POSITION: President and CEO


CONTRIBUTION: Thanks to the Net, he transformed Enron into North America's largest energy marketer. He's trading everything from paper to metals online to the tune of $162 billion in the first quarter.

CHALLENGE: Get new broadband Internet trading unit on solid footing by proving bandwidth can be traded like a commodity.
Enron Corp. (ENE ) Chief Executive Officer Jeffrey K. Skilling likes to say that the nation's leading energy merchant was ready for the Internet long before there was anything.com. Enron's business of buying and selling commodities such as electricity and natural gas--by phone or fax--was a natural fit for the Web. Over the past year, Enron has taken online trading to a new level, harnessing the Web to bring Enron's risk-management prowess to everything from metals to high-speed communications. "Our volumes are way up," says Skilling.

Try through the roof. EnronOnline handles 5,000 transactions per day.
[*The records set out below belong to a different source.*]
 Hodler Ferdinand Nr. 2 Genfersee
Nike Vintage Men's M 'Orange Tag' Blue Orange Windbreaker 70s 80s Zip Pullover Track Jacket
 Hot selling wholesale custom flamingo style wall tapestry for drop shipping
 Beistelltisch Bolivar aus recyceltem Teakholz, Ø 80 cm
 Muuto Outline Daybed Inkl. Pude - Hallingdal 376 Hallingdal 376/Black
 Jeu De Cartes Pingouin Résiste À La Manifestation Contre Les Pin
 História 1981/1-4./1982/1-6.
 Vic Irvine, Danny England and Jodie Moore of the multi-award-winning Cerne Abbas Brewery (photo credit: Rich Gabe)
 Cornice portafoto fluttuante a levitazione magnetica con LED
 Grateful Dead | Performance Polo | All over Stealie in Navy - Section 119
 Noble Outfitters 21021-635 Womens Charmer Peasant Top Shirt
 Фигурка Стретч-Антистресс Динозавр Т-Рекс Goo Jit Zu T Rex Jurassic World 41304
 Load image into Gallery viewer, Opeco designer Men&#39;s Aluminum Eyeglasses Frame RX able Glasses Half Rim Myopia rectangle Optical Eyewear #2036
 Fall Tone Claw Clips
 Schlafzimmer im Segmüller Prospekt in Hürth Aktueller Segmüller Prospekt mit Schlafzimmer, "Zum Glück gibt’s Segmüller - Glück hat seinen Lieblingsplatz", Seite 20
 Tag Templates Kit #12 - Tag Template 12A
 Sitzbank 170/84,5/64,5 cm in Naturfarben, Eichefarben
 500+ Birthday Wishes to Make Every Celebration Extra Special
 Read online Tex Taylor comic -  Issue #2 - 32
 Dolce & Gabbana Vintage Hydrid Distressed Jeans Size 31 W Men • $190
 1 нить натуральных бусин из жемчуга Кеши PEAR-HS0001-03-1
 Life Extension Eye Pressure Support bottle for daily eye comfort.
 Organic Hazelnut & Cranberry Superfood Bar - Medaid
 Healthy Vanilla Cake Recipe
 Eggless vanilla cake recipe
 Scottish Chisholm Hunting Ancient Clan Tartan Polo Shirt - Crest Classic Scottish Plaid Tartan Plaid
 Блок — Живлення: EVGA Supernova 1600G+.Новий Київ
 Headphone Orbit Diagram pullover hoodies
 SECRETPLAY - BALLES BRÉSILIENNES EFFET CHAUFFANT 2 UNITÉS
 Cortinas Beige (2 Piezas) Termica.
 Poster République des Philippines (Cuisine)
The company posts prices on more than 1,500 products that it stands ready to buy or sell to utilities, municipalities, and other big wholesale customers. Since November, 1999, EnronOnline has traded more than $525 billion worth of commodities, making it the Web's biggest and most successful business-to-business site.

Skilling's most challenging move: high-speed communications bandwidth. In the past year, Enron has spent $436 million to create its own 15,000-mile fiber-optic network to provide real-time bandwidth to customers. Because of a supply glut and falling prices, bandwidth trading is struggling. In March, Enron suffered a major blow with the abrupt cancellation of its video-on-demand pact with Blockbuster Inc. (BBI ) Skilling says the deal was called off because Blockbuster wasn't getting movies from Hollywood studios fast enough.

Such setbacks don't faze Skilling, a former McKinsey & Co. consultant who graduated in the top 5% of his Harvard Business School class. He sees almost no limit to what Enron can trade--even ad space is a possibility. "The Net allows you to touch lots of customers inexpensively," he says. Not bad for mere commodities.